After 15 years in which the FTSE 100 index of Britain’s biggest shares has made no progress — remarkably, it still trades below the 6,930 it closed at on December 30, 1999 — the explanation would appear to be that many investors doubt whether City stock-pickers really add value.
Worse still, at about 1.5%, the fees for actively managed funds are more than twice as high as the typical costs of passive unit trusts and exchange-traded funds.
Nobody seemed to care much about annual management charges during the great bull run of the 1990s, when many equity investors enjoyed double-digit gains. Yet now the annual costs of actively managed funds often absorb nearly a quarter of average gross returns — which have sunk to 7% over the long term, and rather less recently.
Rising investor cynicism and falling fees have sparked an existential struggle high up in the plate-glass palaces of the Square Mile. For example, I was sad to see Daniel Godfrey, chief executive of the Investment Association, defenestrated after he urged fund managers to be more open about costs and to put their clients first. He is a good man who did not deserve to be ousted from his post.

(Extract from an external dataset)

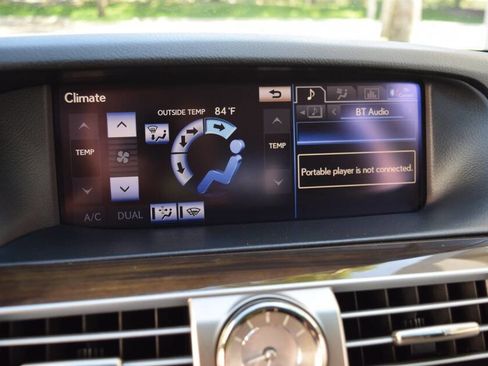 Used 2013 Lexus LS 460 AWD w/ Comfort Pkg image 68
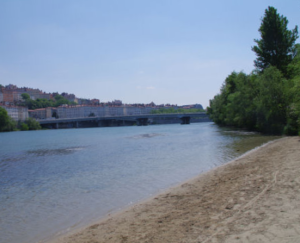 lieux de rencontre plan cul a Lyon sur une plage en bord de Rhone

Rather than getting bogged down in the rights and wrongs of a trade dispute, I asked some financial advisers and intermediaries to scrutinise returns since the turn of the century to see if active fund management beat passive index-tracking. …….
…… Perhaps surprisingly, their calculations show that £10,000 invested in the average UK equity income unit trust would have grown to £24,500 since the turn of the century, compared with just £16,300 in the average UK tracker fund. Both figures include charges and reinvested income (dividends). ……
…… I invest about 80% of my “forever fund” directly in shares to keep costs down and yields up — sometimes with horrible shocks, such as Volkswagen, discussed here last month. But the rest of the money is in funds, particularly smaller companies funds with managers who seem likely to add value. They can scrutinise corporate acorns many of us have never heard of before they become the oaks of tomorrow. ……
…… Alan Steel, who will celebrate 40 years as an independent financial adviser next week, pointed out a fundamental problem with passive funds: “The best way to create investment profits is to buy low and sell high, but tracker funds do the exact opposite. They are overexposed to shares trading above their fair value and underexposed to shares trading below their fair value. The more a share rises, the more tracker funds have to buy, and vice versa.”
So, as in many walks of life, the cheapest option is not necessarily the best value. Cost should not be our only criterion in matters of importance — as I hope readers of this newspaper will agree. That’s why, despite soaring sales of trackers, I continue to believe it can pay to stump up for professional fund management and shrewd stock selection.